The file is simply not stored in the storage backend. Setting the name doesn’t restore the missing binary data on disk or remote storage backend.

You still need to save the instance again after setting the name. Setting the name alone doesn’t automatically do anything, but saving the object again does save the data. See the example above.

Nope: django-file-field-no-name/test_app/tests.py at 2919f3da31af22c01380f55ada4df57d3e939aa5 · john-parton/django-file-field-no-name · GitHub

Data is gone.

The data isn’t “gone” in my running of your tests.

======================================================================
FAIL: test_ken_hypothesis_3 (test_app.tests.AnimalTestCase.test_ken_hypothesis_3)
----------------------------------------------------------------------
Traceback (most recent call last):
  File "/home/whitesellk/git/django-file-field-no-name/test_app/tests.py", line 58, in test_ken_hypothesis_3
    self.assertEqual(
AssertionError: b'\xff\xd8\xff\xe0\x00\x10JFIF\x00\x01\x01\[7594 chars]\xd9' != b'/9j/4AAQSkZJRgABAQEBLAEsAAD/2wBDAAYEBQYFB[3391 chars]Kf/Z'

----------------------------------------------------------------------

The data is there, it’s just somehow, for some reason, being transformed.
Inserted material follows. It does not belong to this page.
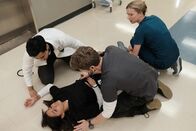 Atlanta Medical – Geben alles um Krankenpflegerin Louisa (Coral Peña, liegend) zu retten: Devon (Manish Dayal, l.), Conrad (Matt Czuchry, 2.v.r.) und Nicolette (Emily VanCamp, r.) ...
It’s not transformed. That’s a placeholder image that the django test harness returns in some cases.

If I change your assert to:

        self.assertEqual(
            instance.image.read(),
            base64.b64decode(IMAGE_CONTENTS),
        )

The test passes.

Ah, good job. So you can keep the data. Let me adjust the test cases to be correct.

Yeah, that’s on me. bytes and str aren’t the same. Obviously.

Let’s look at this specific test case: django-file-field-no-name/test_app/tests.py at dc557c641552b02623f50ef044d73435b9e97ead · john-parton/django-file-field-no-name · GitHub

I think this fully captures the “paper cut” I was referring to initially.

My argument is that instance.save() should raise an exception or SOMETHING in this case to let you know that it “didn’t work.”

I added a comment on the offending line.

instance.save() # <-- Data is silently _not_ saved to the file system or storage backend without raising an exception

I think it would be worthwhile seeing if we can change Django to make this easier to get right and/or debug. An exception from instance.save() if the name is not set to a valid value (or at all) makes sense to me. The amount of back and forth between you both about this is a sign to me that Django is confusing here.